### [DATA FOR THIS TASK]
★ ★ ★ ★

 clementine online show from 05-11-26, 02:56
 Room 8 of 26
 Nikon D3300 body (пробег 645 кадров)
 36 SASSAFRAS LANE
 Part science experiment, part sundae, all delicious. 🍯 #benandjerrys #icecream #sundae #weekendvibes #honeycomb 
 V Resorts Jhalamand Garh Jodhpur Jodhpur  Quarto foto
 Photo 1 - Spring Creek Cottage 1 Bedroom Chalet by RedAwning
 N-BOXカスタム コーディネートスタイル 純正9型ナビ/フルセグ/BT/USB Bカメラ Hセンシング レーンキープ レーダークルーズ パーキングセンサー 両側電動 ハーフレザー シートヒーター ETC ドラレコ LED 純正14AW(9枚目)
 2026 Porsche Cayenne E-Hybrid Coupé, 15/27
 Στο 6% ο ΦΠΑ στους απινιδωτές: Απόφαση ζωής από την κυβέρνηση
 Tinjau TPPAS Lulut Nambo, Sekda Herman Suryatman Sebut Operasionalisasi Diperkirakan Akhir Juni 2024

★ ★ ★ ★

### [TASK INSTRUCTIONS]
Reproduce the preceding records exactly and completely.

### [ANSWER TO THE PROBLEM]
 clementine online show from 05-11-26, 02:56
 Room 8 of 26
 Nikon D3300 body (пробег 645 кадров)
 36 SASSAFRAS LANE
 Part science experiment, part sundae, all delicious. 🍯 #benandjerrys #icecream #sundae #weekendvibes #honeycomb 
 V Resorts Jhalamand Garh Jodhpur Jodhpur  Quarto foto
 Photo 1 - Spring Creek Cottage 1 Bedroom Chalet by RedAwning
 N-BOXカスタム コーディネートスタイル 純正9型ナビ/フルセグ/BT/USB Bカメラ Hセンシング レーンキープ レーダークルーズ パーキングセンサー 両側電動 ハーフレザー シートヒーター ETC ドラレコ LED 純正14AW(9枚目)
 2026 Porsche Cayenne E-Hybrid Coupé, 15/27
 Στο 6% ο ΦΠΑ στους απινιδωτές: Απόφαση ζωής από την κυβέρνηση
 Tinjau TPPAS Lulut Nambo, Sekda Herman Suryatman Sebut Operasionalisasi Diperkirakan Akhir Juni 2024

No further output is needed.